Image-caption web data:
────────

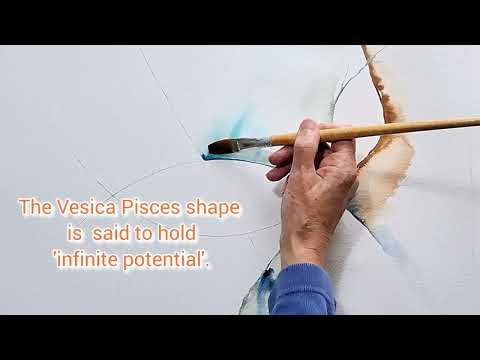 Видео: Красивая новая абстрактная картина «Ловец снов» акриловыми чернилами в стиле фристайла!😍 #абстрак...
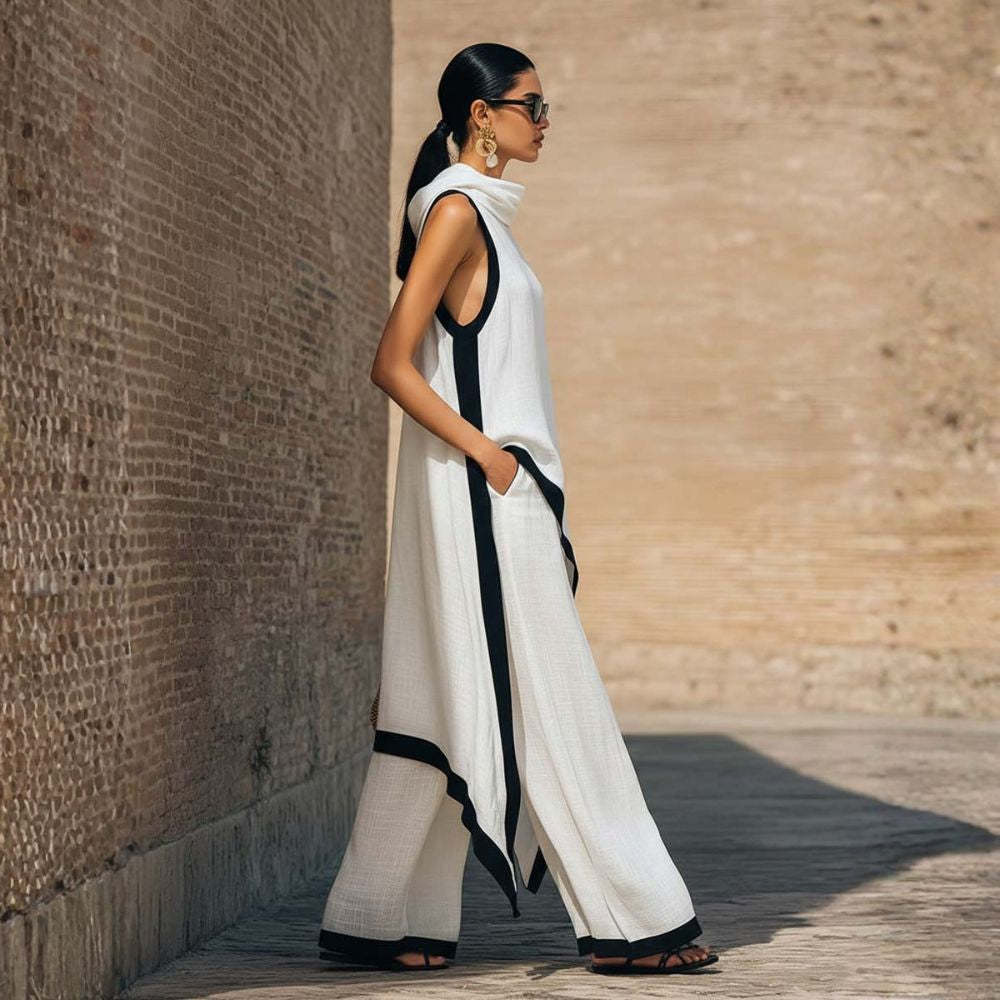 Leonora | Terno elegante de linho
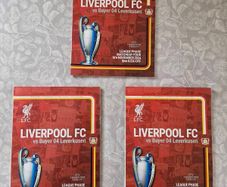 Liverpool vs Bayer Leverkusen Programmes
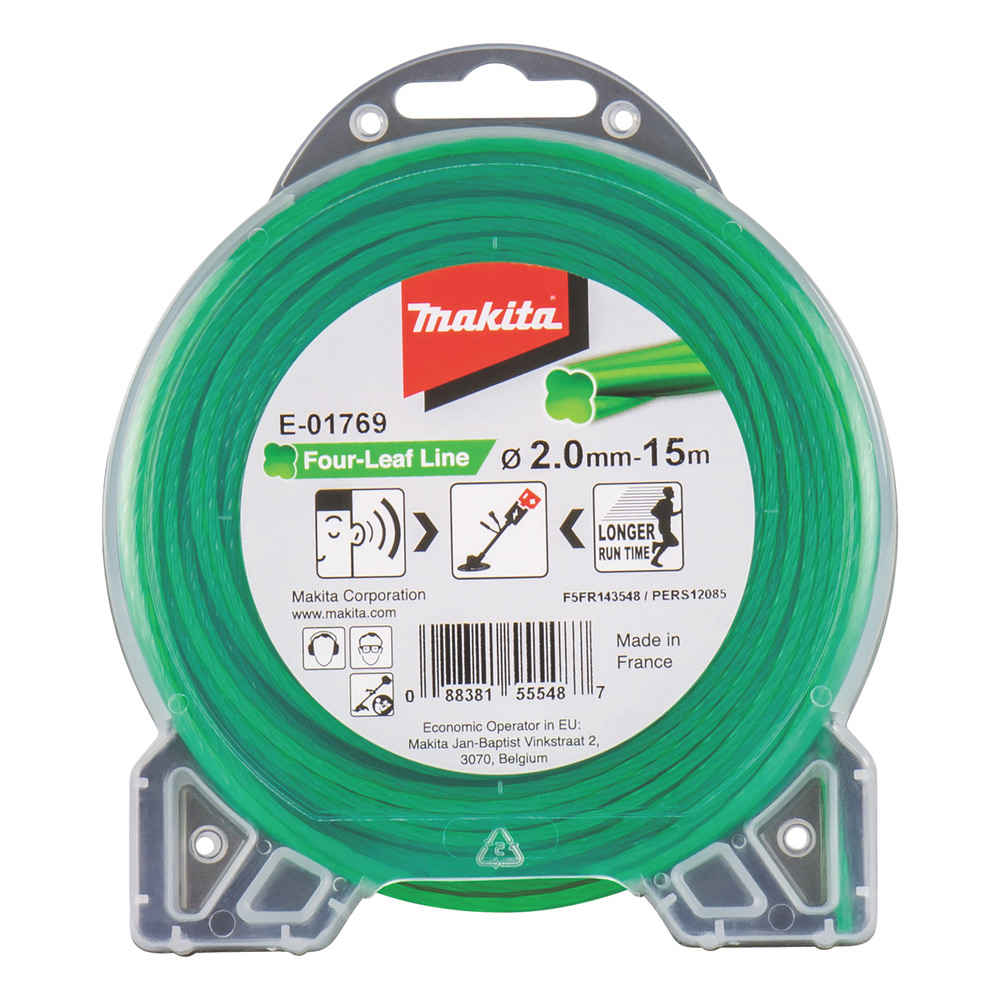 Trimmertråd Makita E-01769 Firkløver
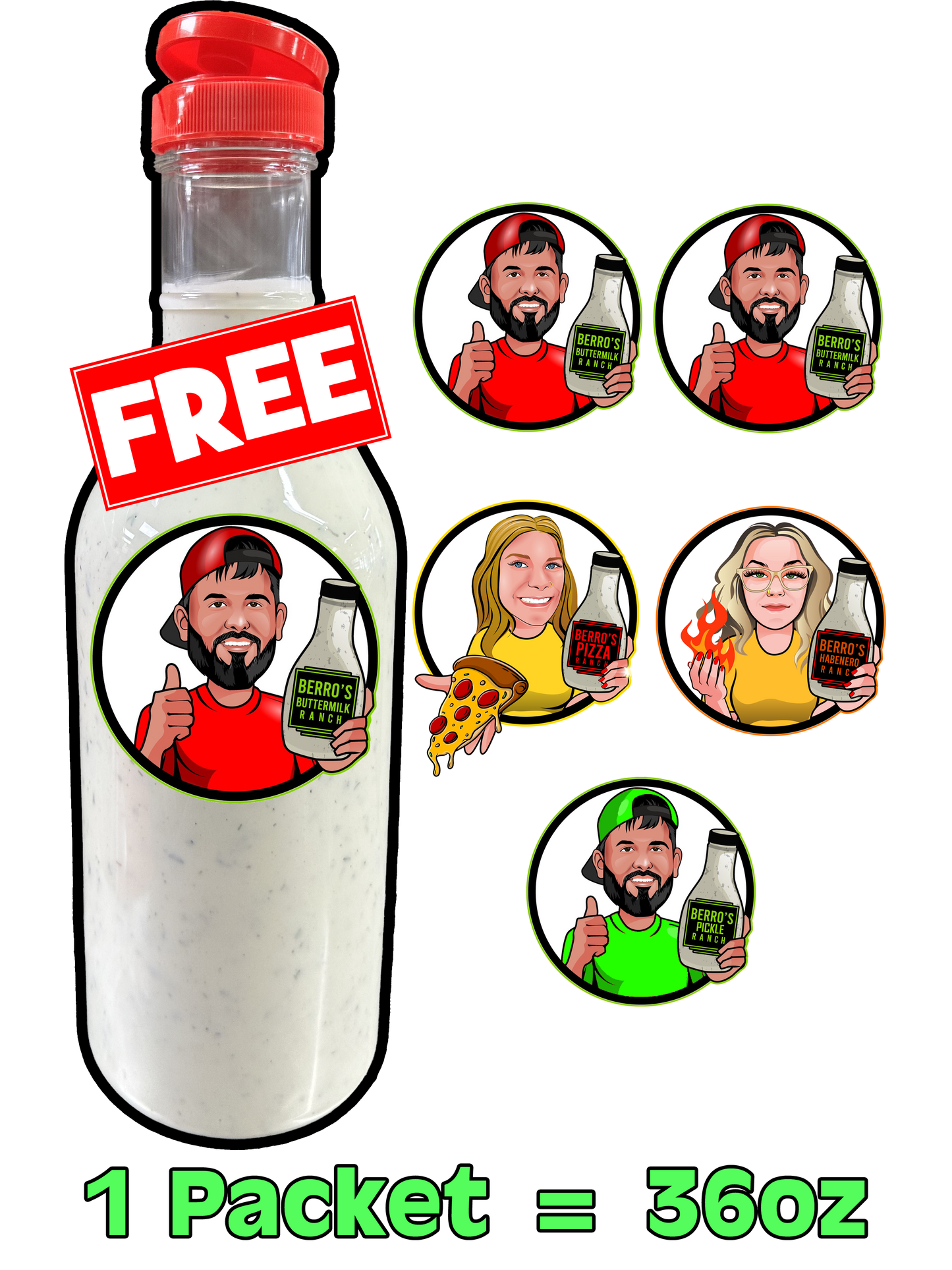 (5 Pack + FREE 1 Bottle) Family Pack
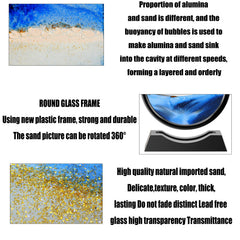 TKTM Liquid Motion Sandscape blue 7in side detail highlights glass frame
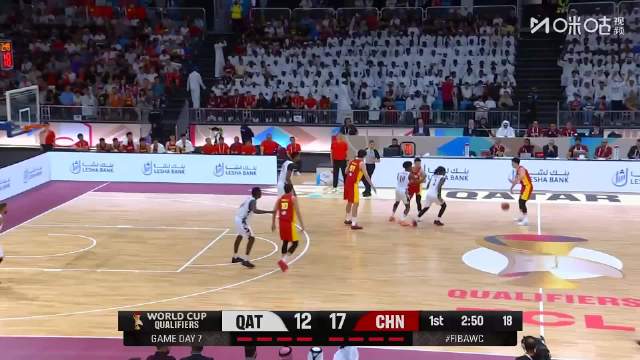 🏀世亚预-中国男篮5人上双大胜卡塔尔!杨瀚森20分钟15分9板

────────

The records above, copied word for word without the pictures, are what should be output.

 Видео: Красивая новая абстрактная картина «Ловец снов» акриловыми чернилами в стиле фристайла!😍 #абстрак...
 Leonora | Terno elegante de linho
 Liverpool vs Bayer Leverkusen Programmes
 Trimmertråd Makita E-01769 Firkløver
 (5 Pack + FREE 1 Bottle) Family Pack
 TKTM Liquid Motion Sandscape blue 7in side detail highlights glass frame
 🏀世亚预-中国男篮5人上双大胜卡塔尔!杨瀚森20分钟15分9板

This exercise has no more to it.